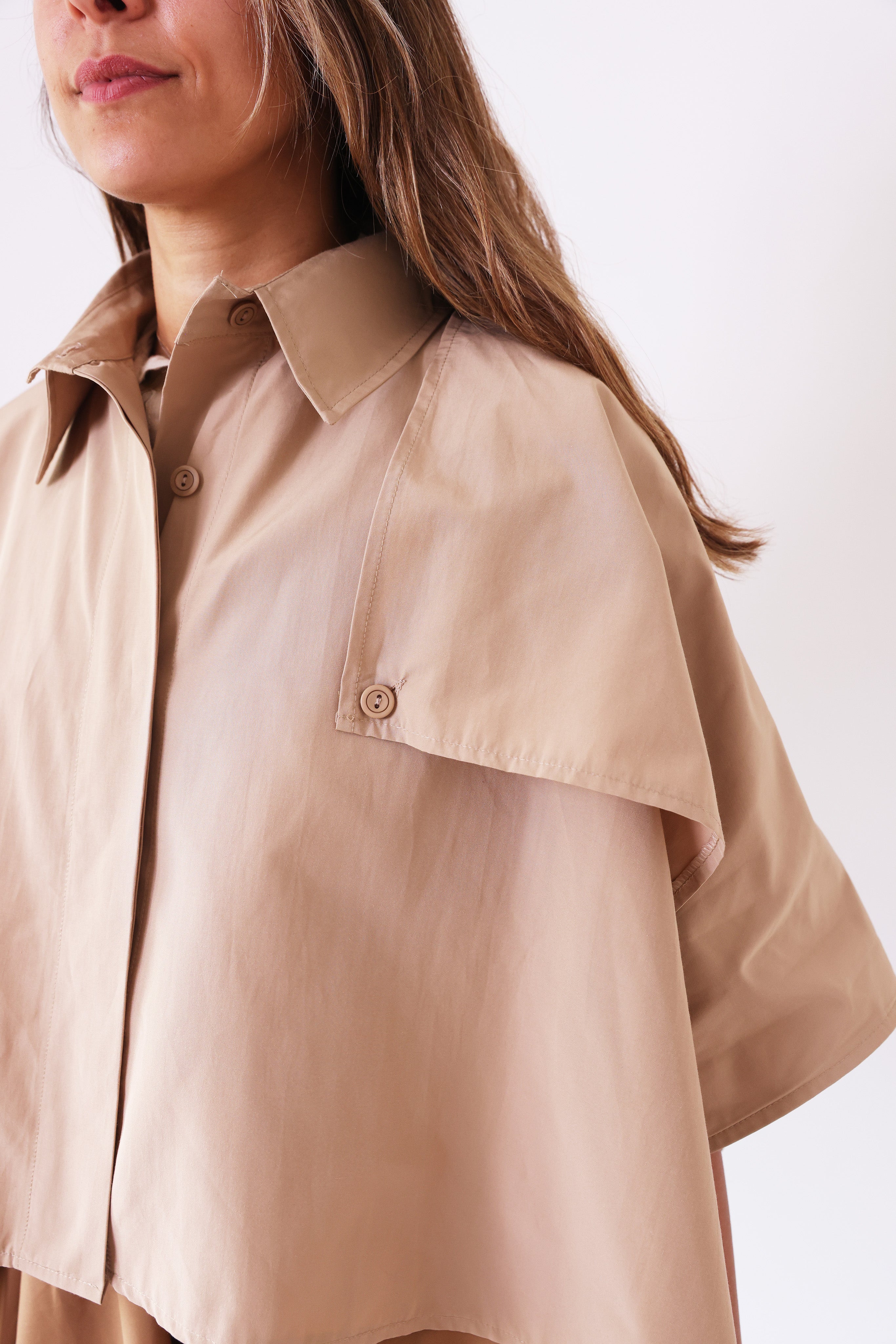 CROP LIGHT TRENCHCOAT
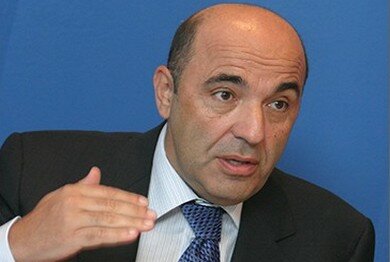 Рабинович: Чтобы не бежать из терминалов, надо начать диалог 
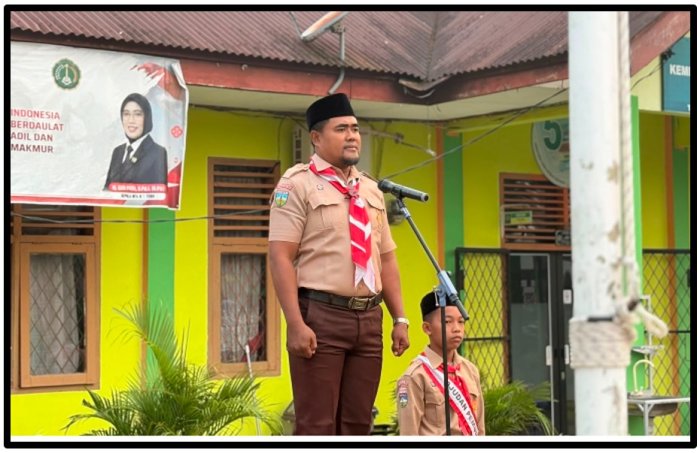 Pembelajaran Tatap Muka Kembali Dibuka Usai Asap Mereda, MTsN 1 Tebo Gelar Upacara Bendera di Lapangan Hijau Pembelajaran Tatap Muka Kembali Dibuka Usai Asap Mereda, MTsN 1 Tebo Gelar Upacara Bendera di Lapangan Hijau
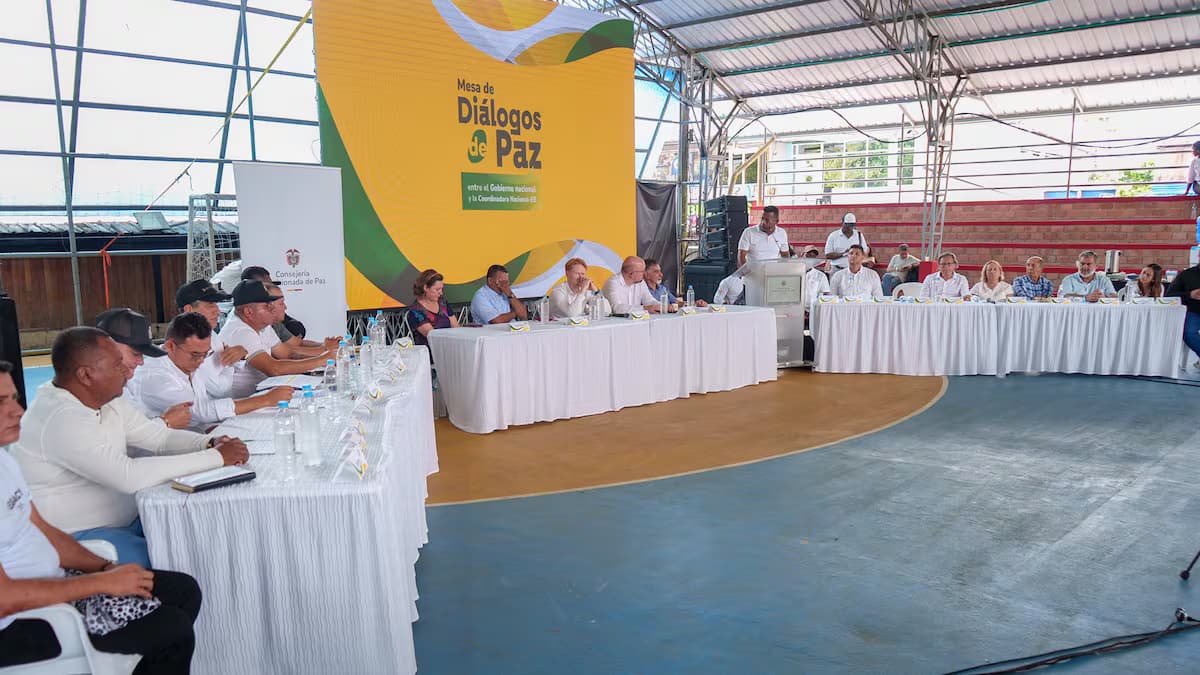 Mesa de diálogos de paz entre el Gobierno nacional y la Coordinadora Nacional Ejército Bolivariano durante el gobierno anterior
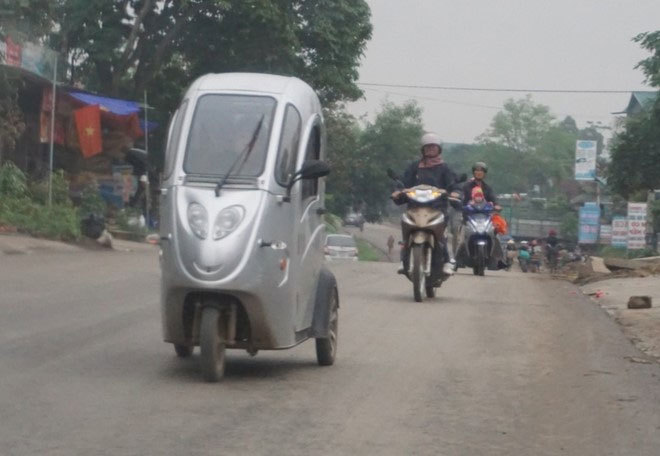 Nghệ An: Ô tô “lạ” lưu hành trên quốc lộ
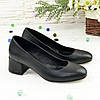 Туфлі жіночі на невисоких підборах, колір чорний, фото 4
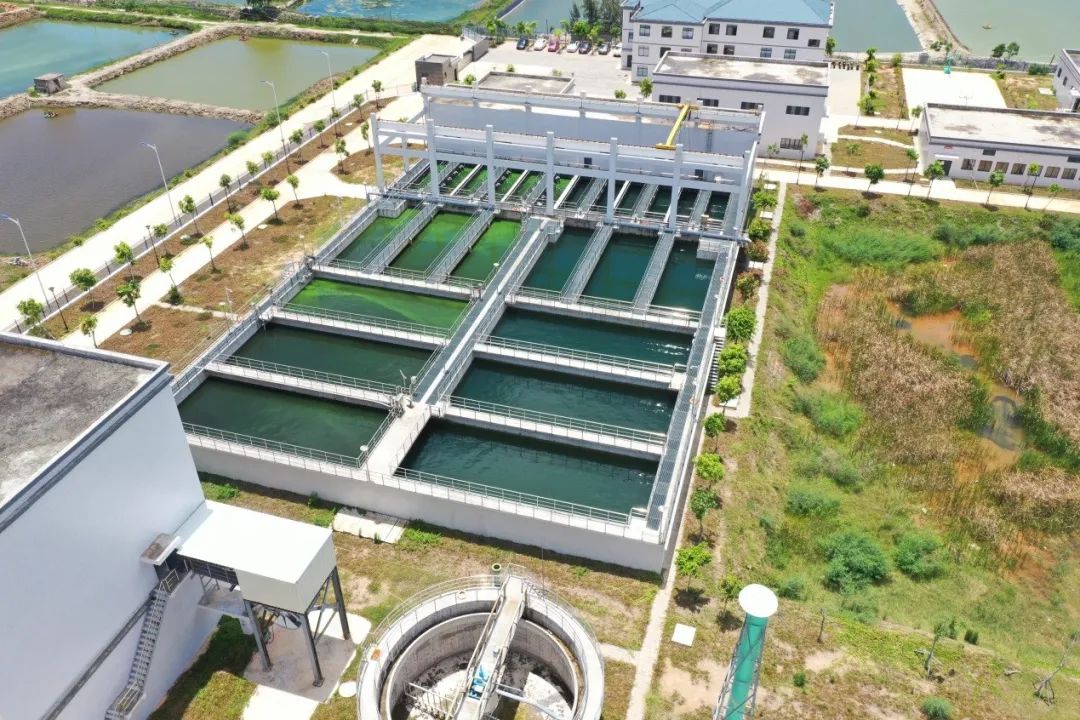 2019年4月至2021年7月,水东湾新城污水处理厂长期停运.
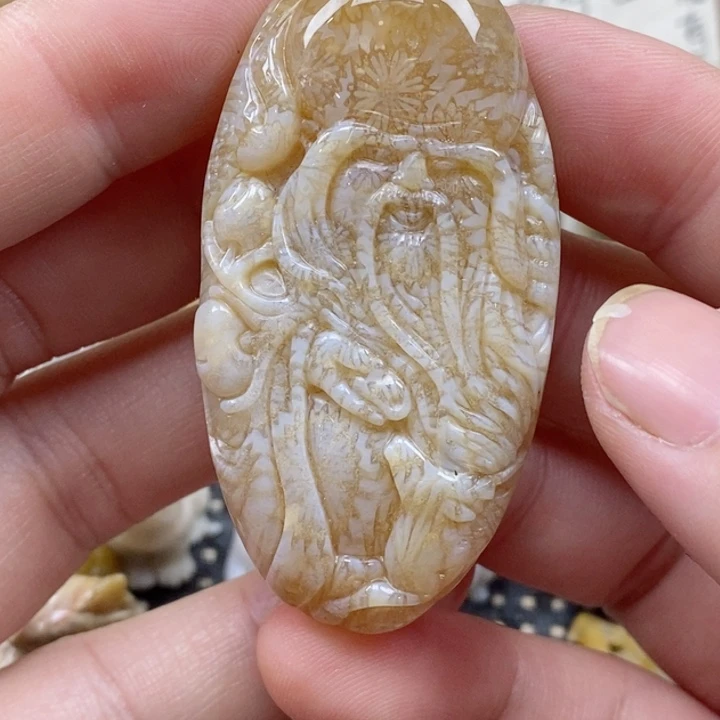 颈饰未镶嵌硅化珊瑚（珊瑚玉）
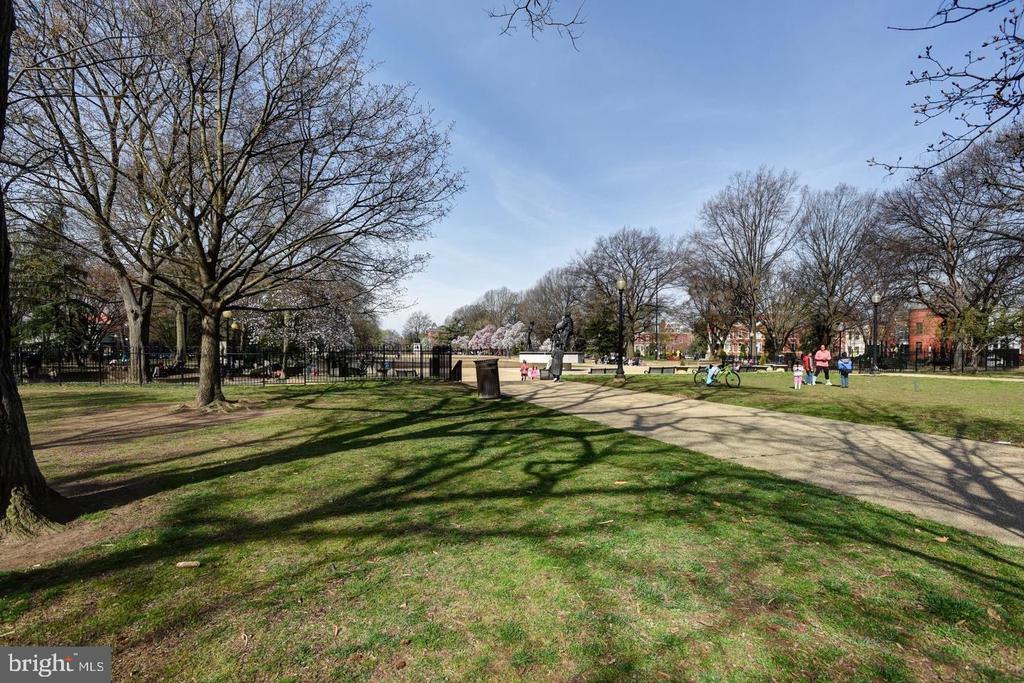 401 13TH STREET NE 403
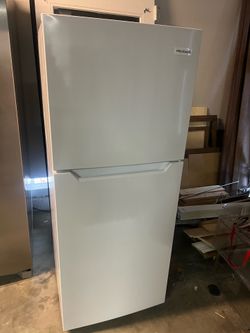 Refrigerator- frigidaire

# # # # #

About this exercise - Retype exactly, and only, the lines from the one containing "Nghệ An: Ô tô" through the end of the material, leaving aside every picture.

Written answer -
 Nghệ An: Ô tô “lạ” lưu hành trên quốc lộ
 Туфлі жіночі на невисоких підборах, колір чорний, фото 4
 2019年4月至2021年7月,水东湾新城污水处理厂长期停运.
 颈饰未镶嵌硅化珊瑚（珊瑚玉）
 401 13TH STREET NE 403
 Refrigerator- frigidaire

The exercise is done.